Wednesday, December 26, 2007

Eat, Pray, Love....an excerpt

There’s a wonderful old Italian joke about a poor man who goes to church every day and prays before the statue of a great saint, begging, “Dear saint—please, please, please…give me the grace to win the lottery.” This lament goes on for months. Finally the exasperated statue comes to life, looks down at the begging man and says in weary disgust, “My son—please, please, please - buy a ticket.”
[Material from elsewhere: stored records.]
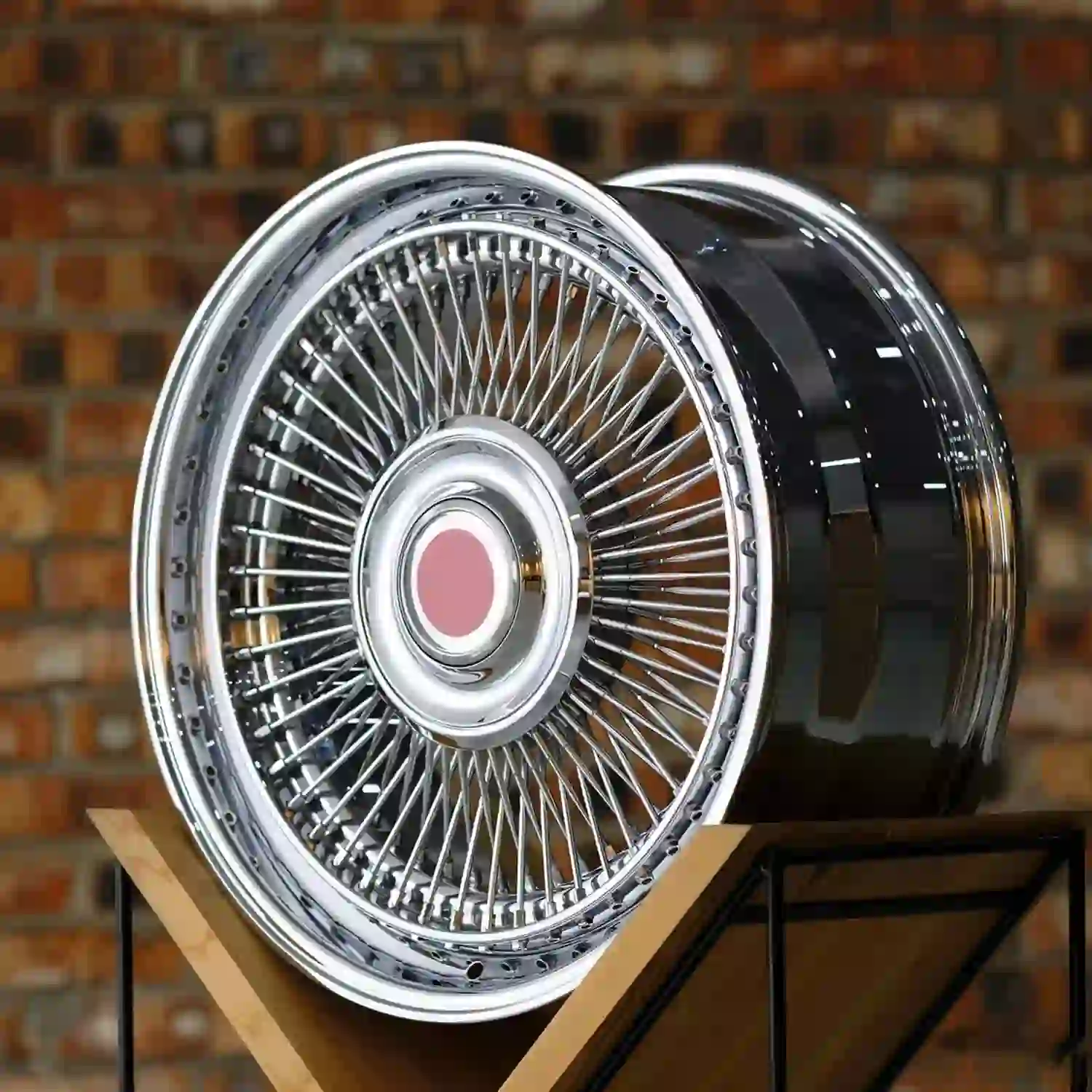 Real photo:14-26 inch aluminum alloy forged spoke wire wheels 72/100/120/150 for Rolls Royce Ford Mustang GT Cadillac 4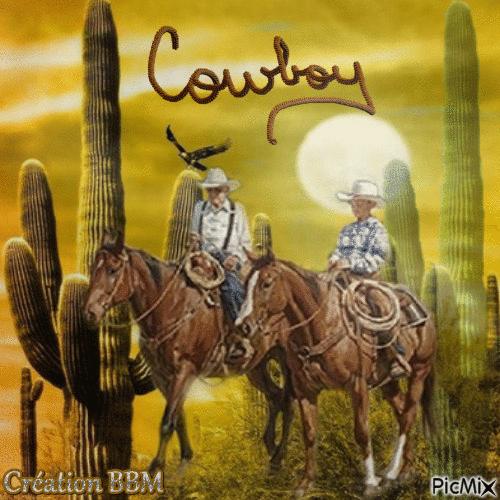 Cowboys par BBM - GIF animé gratuit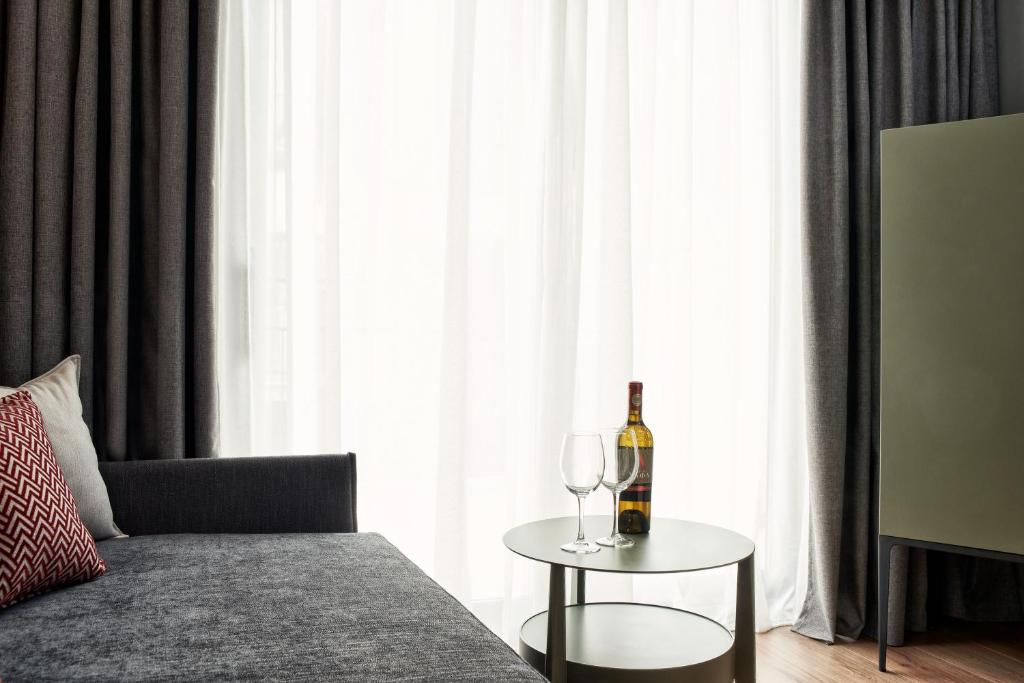 Nápoje v ubytování Hotel Achilleas
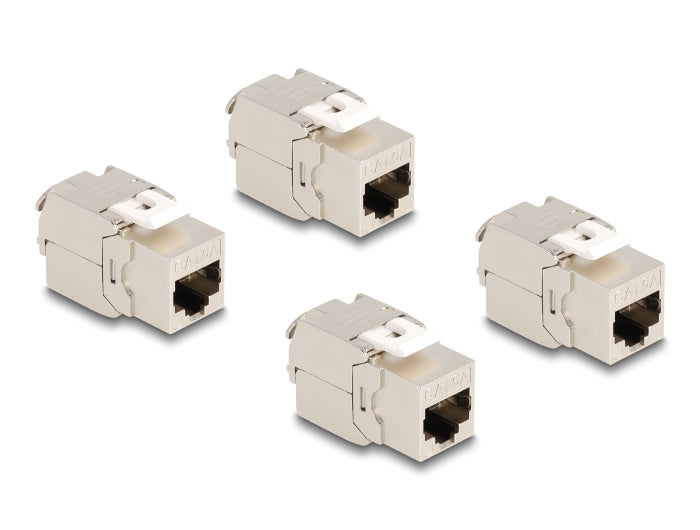 Delock 86050 Keystone Module Rj45 Jack Cat.6A Stp 4 Pieces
Prayer is a relationship; half the job is mine. If I want transformation, but can’t even be bothered to articulate what, exactly, I’m aiming for how will it ever occur? Half the benefit of prayer is in the asking itself, in the offering of a clearly posed and well-considered intention. If you don’t have this, all your pleas and desires are boneless, floppy inert; they swirl at your feet in a cold fog and never lift. So now I take the time every morning to search myself for specificity about what I am truly asking for. I kneel there in the temple with my face on that cold marble for as long as it takes me to formulate an authentic prayer. If I don’t feel sincere then I will stay there on the floor until I do. What worked yesterday doesn’t always work today. Prayers can become stale and drone into the boring and familiar if you let your attention stagnate. In making an effort to stay alert, I am assuming custodial responsibility for the maintenance of my own soul.